**ACTIVITY**.
Copy exactly, beginning with the line holding "Paper Rope Wire" and ending with the final line of the data beneath this task; copy nothing else, and leave out every picture.

(DATA begins)

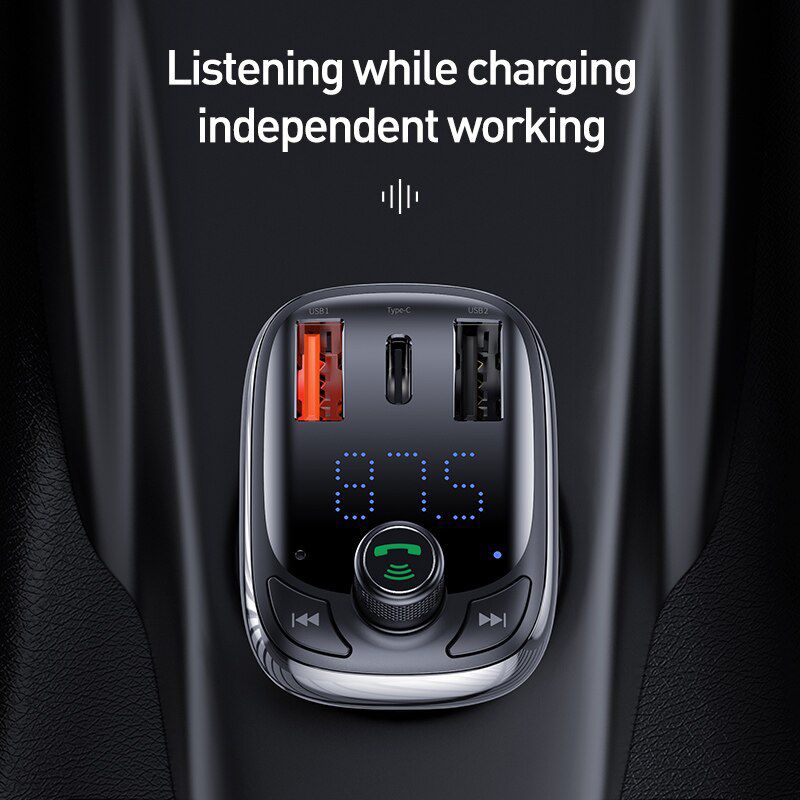 FM Transmitter Car Quick Charger For Phone Bluetooth-compatible 5.0 Car Kit Audio MP3 Player 36W Fast Charging Charger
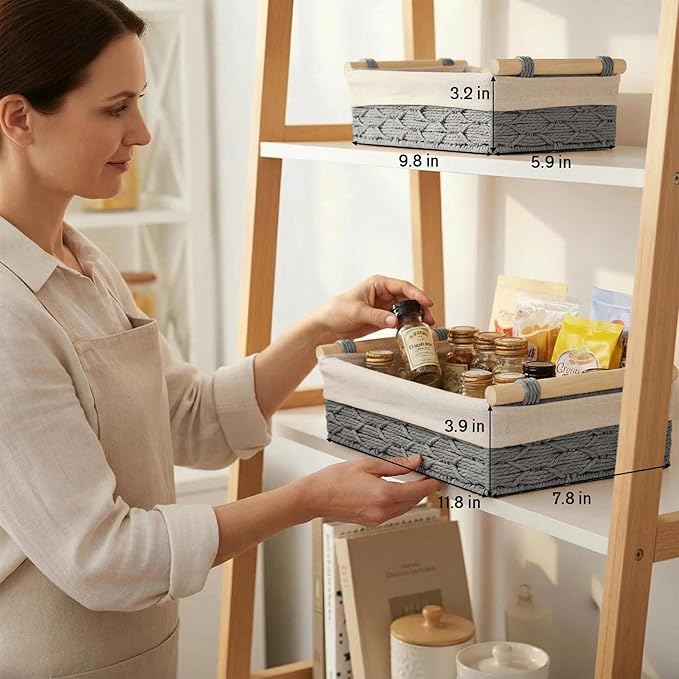Paper Rope Wire Storage Basket for Shelves, Organizing Stackable Large and Small Woven Basket Toilet Tank Paper Baskets for Dressing/Night Table,Cabinets,Bathroom,Bedroom,Living Room Home Decor Grey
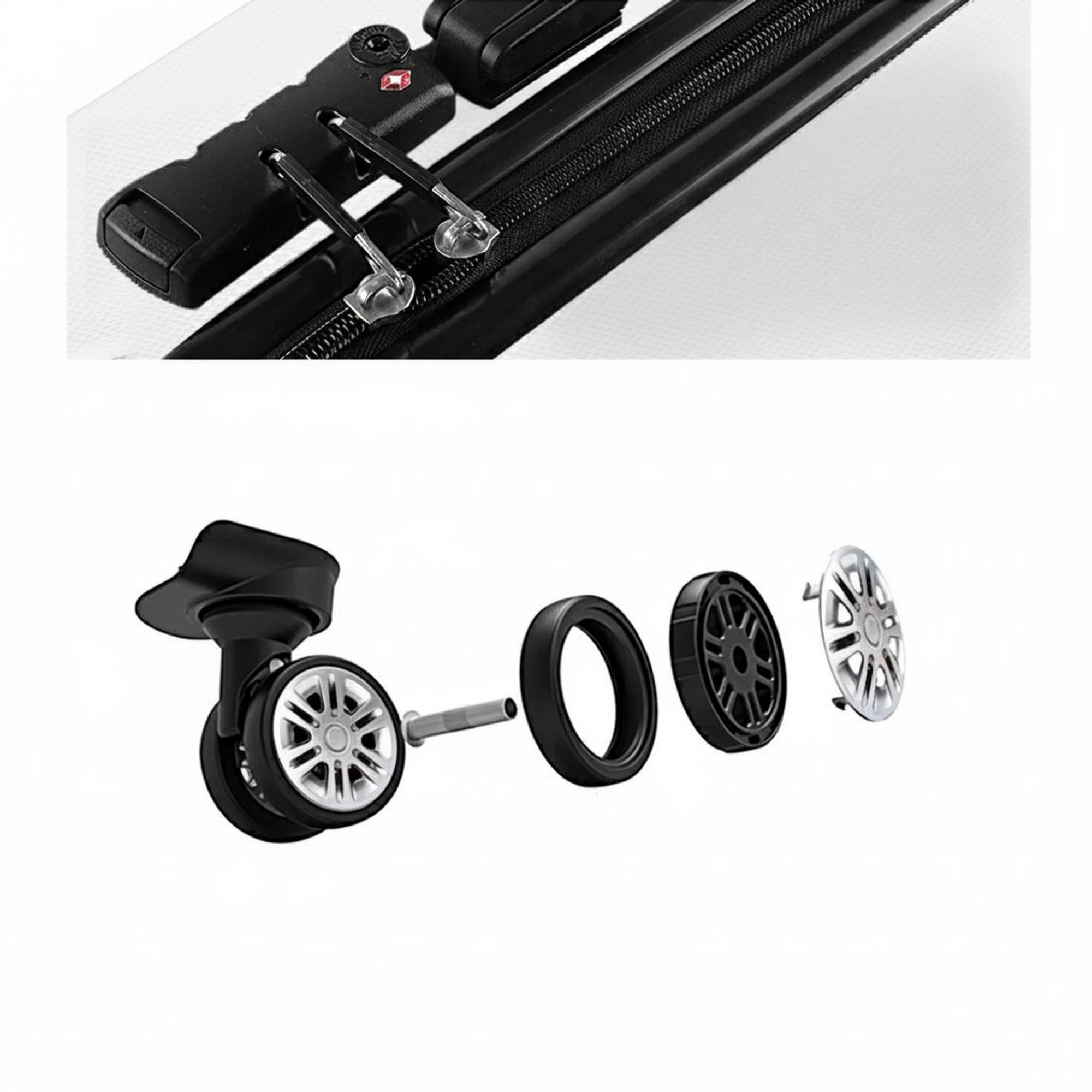 4 Wanderlite 3pc Luggage Trolley Travel Suitcase Set TSA Hard Case Shell Strap - Silver, 4 of 5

(DATA ends)

**EXPECTED OUTPUT**.
Paper Rope Wire Storage Basket for Shelves, Organizing Stackable Large and Small Woven Basket Toilet Tank Paper Baskets for Dressing/Night Table,Cabinets,Bathroom,Bedroom,Living Room Home Decor Grey
 4 Wanderlite 3pc Luggage Trolley Travel Suitcase Set TSA Hard Case Shell Strap - Silver, 4 of 5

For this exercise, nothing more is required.